Tra le pagine della mitologia greca, in una grotta del monte Pelio, possiamo scorgere Chirone, un centauro sapiente, gentile e benevolo, grande esperto dell’arte medica e insegnante perfino di Esculapio, padre della medicina.

Era affetto da piaghe incurabili causate dalla ferita avvelenata provocatagli per errore da Eracle, suo amico. Dopo la sua terza fatica, quella della cattura del cinghiale di Erimanto, Eracle fece visita al centauro Folo il quale gli offrì del vino aprendo la giara dei centauri che si arrabbiarono e si lanciarono contro Eracle che li respinse e ne uccise alcuni; i centauri, per difesa, si rifugiarono nella grotta di Chirone che, ignaro di ciò che stava succedendo, si fece incontro all’amico Eracle nell’istante esatto in cui questo scagliò una freccia che lo andò a colpire per errore. 

Una cura “immortale”

Chirone soffre tremendamente a causa di queste ferite ed è destinato, per tutta la sua immortalità, a prendersene cura. Il contatto con la propria sofferenza dischiude alla conoscenza degli strati più profondi di sé; la ferita si fa feritoia verso il proprio mondo interno. Ascoltando il dolore, provando e riprovando con vari medicamenti, alla ricerca di una soluzione per cicatrizzare le piaghe.

Ed è proprio questo che lo fa diventare un punto di riferimento, un guaritore un po’ diverso rispetto a chi fa uso della sola tecnica da applicare come soluzione immediata del sintomo.

Riesce a prendersi cura di sé e solo così può farlo  anche con gli altri, insegnando loro a non fermarsi sulla ferita, utilizzando esclusivamente una cura da applicare, ma spinge ad entrare in essa e prendersene a propria volta cura (attivando un fattore di guarigione, diventando “medici di sé stessi”) partendo dagli starti più profondi. Chirone è quindi un guaritore ferito. “Sente” la propria ferita per sentire quella degli altri (e talvolta scorgere della propria qualche sfumatura ancora da curare) e, attivando il proprio fattore di guarigione interno, entrando in relazione con la sofferenza del paziente, riesce a costellare in egli il suo, di fattore di guarigione.
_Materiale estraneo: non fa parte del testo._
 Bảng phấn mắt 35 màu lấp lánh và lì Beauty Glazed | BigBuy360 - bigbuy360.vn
Ciò si può tradurre nella presa di responsabilità del proprio processo di cura intesa come compartecipazione allo stesso, più o meno inconscia a seconda del momento terapeutico, e non come una mera, passiva obbedienza ai suggerimenti del terapeuta, considerandolo come unica parte attiva della terapia, affidandogli la guarigione.

Perché ciò accada però è necessario che il terapeuta mantenga il contatto con le debolezze e la malattia.
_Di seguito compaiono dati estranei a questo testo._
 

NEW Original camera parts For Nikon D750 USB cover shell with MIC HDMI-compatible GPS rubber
Il paziente e il terapeuta

Da un punto di vista psicologico, se il paziente ha un terapeuta dentro di sé, nel terapeuta esiste un paziente. Quindi questo sistema “guaritore interno-paziente ferito” deve essere vivo anche nel terapeuta perché non si senta il forte guaritore, al sicuro dalle ferite che riguardano solo i pazienti, povere creature che vivono in un mondo completamente diverso dal suo.

Ha bisogno di un limite, legato alla capacità di lasciar andare l’idea tracotante di potere tutto, sapere tutto e capire tutto; l’idea pericolosissima dell’“Io ti salverò”.

Come trova Chirone un medicamento per sé? Venendo a contatto con il fatto che, forse, non troverà soluzione al proprio dolore nemmeno lungo tutta la propria immortalità. Invoca così Zeus di concedergli un limite. Ed è proprio lì, invece, nel senso del limite, che inizia la vera guarigione.

Spinto da compassione, il padre degli dei gli permette di donare l’immortalità a Prometeo, liberato da Eracle dalle catene della giustizia di Zeus. Quello stesso Prometeo che era andato oltre il limite, sfidando il re dell’Olimpo, sminuendolo con l’inganno.

Zeus, riconoscendo a Prometeo di aver compreso il senso del limite, gli concede la libertà e l’immortalità di Chirone. Gli impone però di indossare, in segno di monito, una corona e un anello forgiato con le catene che lo tenevano legato e un pezzo della roccia sulla quale soffriva mentre un’aquila si nutriva del suo fegato che per trentamila anni si sarebbe rinnovato quotidianamente.

Questo dono concede a Chirone una nuova immortalità: la necessità di ricordarlo per sentire quel limite che permette ogni vero incontro terapeutico. Dovessimo smarrirci, possiamo alzare gli occhi al cielo: lo troveremo nella sua costellazione, accanto proprio a Zeus.